Truth to tell, the weirdest thing about the birthday is not the whole “dude, you’re 40″ thing, but the fact it’s been rather extended this year. Last week my wife threw me a surprise birthday party, so I got a whole lot of birthday stuff taken care of then, and then yesterday, I had another birthday party of sorts at the Ohioana Book Festival closing reception, where I was given a birthday cake and a whole bunch of authors and librarians sang “Happy Birthday” to me. The interesting thing about that was the location of the reception, which was at the Ohio governor’s mansion. It’s a somewhat surreal thing to go up to the First Lady of Ohio and thank her for letting you use her house for your birthday party (she told me I was welcome).

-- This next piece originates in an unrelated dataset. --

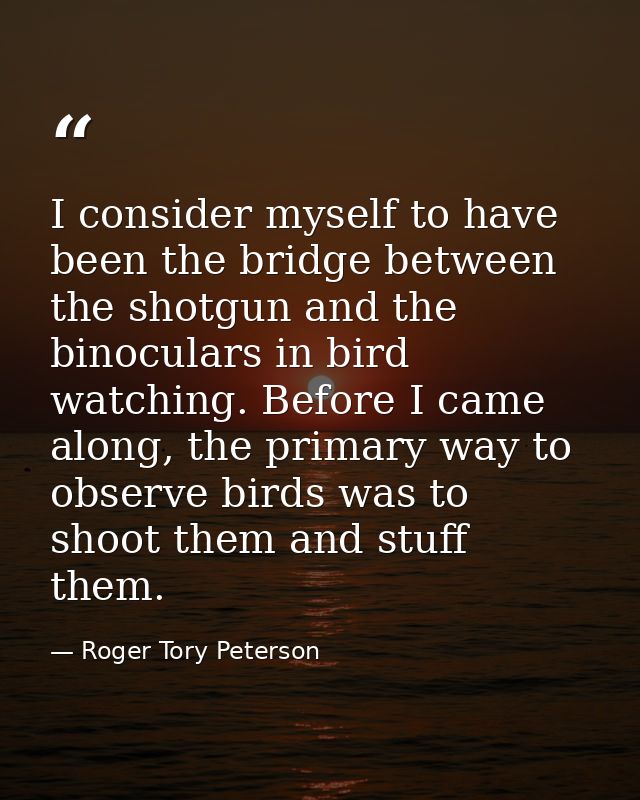I consider myself to have been the bridge between the shotgun and the binoculars in bird watching. Before I came along,  — Roger Tory Peterson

After all of that, the actual birthday, for which we have nothing at all planned birthday-wise, is likely to be anticlimactic. And you know, I’m okay with that. I think what I actually want to do at this point is think about being 40. I don’t want to make too much of a big deal of it for myself, since in most ways birthdays are arbitrary markers, and the ones ending in “0″ are even more so. That said, my 40th coincidentally falls at a point in my life where I happen to be taking a small breather — I don’t have any major projects lined up right this moment, though I suspect I will have very soon, one way or another — and so it’s a convenient day to relax, take stock, take a moment or two (or six) to be thankful for the very fortunate life I’ve had to this point, and then give a little thought about what I want to do with the rest of my life. Mind you, I don’t expect to come up with any answers, and any answers I would come up with would be highly contingent, because life has a funny way of taking your plans and setting them spinning. But just thinking about it all will be a good and useful thing.
To everyone who has already extended me birthday wishes, electronically or in person, thank you from my heart. I have a birthday wish for you too, which is that today is good and joyous day for you, that your life will be happy today, and that you’ll be with people you love and who love you back. I’m getting all those things myself today, you see; it would selfish of me not to wish them for you.